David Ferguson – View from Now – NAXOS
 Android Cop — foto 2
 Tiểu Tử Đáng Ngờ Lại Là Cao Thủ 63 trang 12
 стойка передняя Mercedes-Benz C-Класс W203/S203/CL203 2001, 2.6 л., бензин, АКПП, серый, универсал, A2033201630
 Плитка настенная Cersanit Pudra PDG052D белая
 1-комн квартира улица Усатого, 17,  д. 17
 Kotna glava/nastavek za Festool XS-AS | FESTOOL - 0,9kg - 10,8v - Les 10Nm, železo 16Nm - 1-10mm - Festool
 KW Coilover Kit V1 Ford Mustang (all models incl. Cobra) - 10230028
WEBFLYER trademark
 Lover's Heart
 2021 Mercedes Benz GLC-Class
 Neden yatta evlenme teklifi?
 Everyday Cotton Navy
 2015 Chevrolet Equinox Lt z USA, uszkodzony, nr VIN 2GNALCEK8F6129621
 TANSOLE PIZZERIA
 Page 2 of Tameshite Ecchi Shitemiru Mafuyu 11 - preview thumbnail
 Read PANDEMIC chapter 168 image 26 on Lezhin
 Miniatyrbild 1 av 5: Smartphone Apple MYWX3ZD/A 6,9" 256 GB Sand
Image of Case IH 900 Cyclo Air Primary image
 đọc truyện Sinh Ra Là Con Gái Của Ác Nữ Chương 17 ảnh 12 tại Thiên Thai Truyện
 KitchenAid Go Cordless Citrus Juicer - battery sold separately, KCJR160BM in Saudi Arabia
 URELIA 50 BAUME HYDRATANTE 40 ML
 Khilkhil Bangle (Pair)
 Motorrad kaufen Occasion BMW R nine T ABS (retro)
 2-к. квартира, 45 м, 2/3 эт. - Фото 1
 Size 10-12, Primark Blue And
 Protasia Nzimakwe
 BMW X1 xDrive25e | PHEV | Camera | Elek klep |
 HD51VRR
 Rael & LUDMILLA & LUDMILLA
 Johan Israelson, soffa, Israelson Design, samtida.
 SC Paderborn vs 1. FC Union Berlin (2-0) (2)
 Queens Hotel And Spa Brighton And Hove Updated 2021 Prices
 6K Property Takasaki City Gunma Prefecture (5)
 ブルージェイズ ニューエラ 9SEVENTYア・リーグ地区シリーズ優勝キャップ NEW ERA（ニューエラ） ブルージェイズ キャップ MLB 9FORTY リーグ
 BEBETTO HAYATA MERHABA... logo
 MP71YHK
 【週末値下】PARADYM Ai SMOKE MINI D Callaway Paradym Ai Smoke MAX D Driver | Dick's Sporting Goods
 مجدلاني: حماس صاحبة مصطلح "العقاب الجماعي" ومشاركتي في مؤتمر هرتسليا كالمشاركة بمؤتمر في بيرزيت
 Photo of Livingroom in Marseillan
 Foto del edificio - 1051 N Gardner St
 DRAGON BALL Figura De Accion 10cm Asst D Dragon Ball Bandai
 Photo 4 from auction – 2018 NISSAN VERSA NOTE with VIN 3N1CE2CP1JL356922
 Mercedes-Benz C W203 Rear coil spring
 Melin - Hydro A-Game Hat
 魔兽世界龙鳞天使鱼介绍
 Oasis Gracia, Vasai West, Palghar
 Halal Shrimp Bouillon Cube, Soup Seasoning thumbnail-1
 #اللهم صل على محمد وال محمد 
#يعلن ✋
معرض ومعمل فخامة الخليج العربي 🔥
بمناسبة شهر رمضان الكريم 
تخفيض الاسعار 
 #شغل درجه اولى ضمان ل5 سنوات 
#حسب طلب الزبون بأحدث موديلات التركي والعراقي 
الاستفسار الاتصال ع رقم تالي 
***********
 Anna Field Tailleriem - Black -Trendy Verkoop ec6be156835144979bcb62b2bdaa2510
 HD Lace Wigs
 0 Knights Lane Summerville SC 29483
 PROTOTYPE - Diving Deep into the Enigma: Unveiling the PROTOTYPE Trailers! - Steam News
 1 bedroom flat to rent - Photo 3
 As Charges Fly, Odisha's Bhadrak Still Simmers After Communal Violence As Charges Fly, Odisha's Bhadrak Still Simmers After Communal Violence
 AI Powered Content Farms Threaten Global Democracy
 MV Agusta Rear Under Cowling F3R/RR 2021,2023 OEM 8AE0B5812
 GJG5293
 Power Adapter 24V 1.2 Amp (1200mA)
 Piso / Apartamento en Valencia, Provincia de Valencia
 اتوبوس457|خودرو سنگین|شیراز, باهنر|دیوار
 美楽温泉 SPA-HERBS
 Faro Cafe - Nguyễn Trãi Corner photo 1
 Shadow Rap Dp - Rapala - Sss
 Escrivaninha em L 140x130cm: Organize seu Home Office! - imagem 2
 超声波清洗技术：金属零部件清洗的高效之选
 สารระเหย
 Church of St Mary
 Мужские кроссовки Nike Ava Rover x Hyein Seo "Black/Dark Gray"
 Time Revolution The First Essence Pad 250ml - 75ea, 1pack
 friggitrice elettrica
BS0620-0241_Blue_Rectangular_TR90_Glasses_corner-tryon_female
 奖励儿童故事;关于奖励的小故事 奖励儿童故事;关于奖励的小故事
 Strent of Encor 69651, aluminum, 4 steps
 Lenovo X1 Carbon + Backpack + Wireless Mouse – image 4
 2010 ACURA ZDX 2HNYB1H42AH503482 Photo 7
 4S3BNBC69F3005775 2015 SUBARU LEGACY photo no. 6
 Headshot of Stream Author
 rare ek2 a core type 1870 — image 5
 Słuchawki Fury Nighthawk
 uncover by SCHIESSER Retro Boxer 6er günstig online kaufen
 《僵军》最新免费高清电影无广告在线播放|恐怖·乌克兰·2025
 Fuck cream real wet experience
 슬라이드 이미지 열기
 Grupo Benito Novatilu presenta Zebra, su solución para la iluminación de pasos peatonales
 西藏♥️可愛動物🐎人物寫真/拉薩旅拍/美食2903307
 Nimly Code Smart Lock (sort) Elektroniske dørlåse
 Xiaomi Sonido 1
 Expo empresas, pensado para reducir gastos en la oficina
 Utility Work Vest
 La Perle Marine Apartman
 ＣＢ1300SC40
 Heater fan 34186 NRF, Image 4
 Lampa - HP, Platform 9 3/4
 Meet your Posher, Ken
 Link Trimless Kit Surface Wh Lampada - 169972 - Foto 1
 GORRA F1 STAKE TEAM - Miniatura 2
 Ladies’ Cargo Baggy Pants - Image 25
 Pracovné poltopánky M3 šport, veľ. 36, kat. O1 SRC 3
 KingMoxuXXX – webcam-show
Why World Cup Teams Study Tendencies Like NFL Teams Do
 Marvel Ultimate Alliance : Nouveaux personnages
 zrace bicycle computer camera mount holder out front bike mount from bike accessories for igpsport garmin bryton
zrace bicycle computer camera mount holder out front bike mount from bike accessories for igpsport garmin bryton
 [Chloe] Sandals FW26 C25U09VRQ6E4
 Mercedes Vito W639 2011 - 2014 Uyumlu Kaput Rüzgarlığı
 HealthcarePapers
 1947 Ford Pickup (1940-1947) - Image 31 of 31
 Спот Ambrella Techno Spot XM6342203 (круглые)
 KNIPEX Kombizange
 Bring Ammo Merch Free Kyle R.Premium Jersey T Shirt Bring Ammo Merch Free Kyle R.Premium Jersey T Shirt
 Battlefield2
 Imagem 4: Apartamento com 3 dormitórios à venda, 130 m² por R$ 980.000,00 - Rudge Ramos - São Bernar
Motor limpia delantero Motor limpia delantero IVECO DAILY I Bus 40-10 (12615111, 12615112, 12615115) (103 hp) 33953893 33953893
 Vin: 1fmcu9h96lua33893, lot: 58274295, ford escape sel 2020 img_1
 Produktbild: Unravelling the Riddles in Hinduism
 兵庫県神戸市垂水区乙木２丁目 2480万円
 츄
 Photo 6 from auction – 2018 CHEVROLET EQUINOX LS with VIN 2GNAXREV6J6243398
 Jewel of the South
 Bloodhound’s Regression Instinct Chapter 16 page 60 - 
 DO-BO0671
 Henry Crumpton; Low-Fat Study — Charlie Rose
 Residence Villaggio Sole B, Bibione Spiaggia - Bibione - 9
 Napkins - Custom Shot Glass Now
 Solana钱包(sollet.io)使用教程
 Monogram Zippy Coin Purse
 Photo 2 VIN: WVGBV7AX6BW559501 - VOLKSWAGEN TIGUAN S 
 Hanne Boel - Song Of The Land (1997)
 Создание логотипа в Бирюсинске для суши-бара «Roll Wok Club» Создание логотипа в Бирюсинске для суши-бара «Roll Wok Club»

════════════════

▸ THE PROBLEM:
Give back exactly the lines above, from the line containing "Expo empresas, pensado" through the line containing "KNIPEX Kombizange", with both end lines and nothing more.

▸ SOLUTION TO THIS EXERCISE:
 Expo empresas, pensado para reducir gastos en la oficina
 Utility Work Vest
 La Perle Marine Apartman
 ＣＢ1300SC40
 Heater fan 34186 NRF, Image 4
 Lampa - HP, Platform 9 3/4
 Meet your Posher, Ken
 Link Trimless Kit Surface Wh Lampada - 169972 - Foto 1
 GORRA F1 STAKE TEAM - Miniatura 2
 Ladies’ Cargo Baggy Pants - Image 25
 Pracovné poltopánky M3 šport, veľ. 36, kat. O1 SRC 3
 KingMoxuXXX – webcam-show
Why World Cup Teams Study Tendencies Like NFL Teams Do
 Marvel Ultimate Alliance : Nouveaux personnages
 zrace bicycle computer camera mount holder out front bike mount from bike accessories for igpsport garmin bryton
zrace bicycle computer camera mount holder out front bike mount from bike accessories for igpsport garmin bryton
 [Chloe] Sandals FW26 C25U09VRQ6E4
 Mercedes Vito W639 2011 - 2014 Uyumlu Kaput Rüzgarlığı
 HealthcarePapers
 1947 Ford Pickup (1940-1947) - Image 31 of 31
 Спот Ambrella Techno Spot XM6342203 (круглые)
 KNIPEX Kombizange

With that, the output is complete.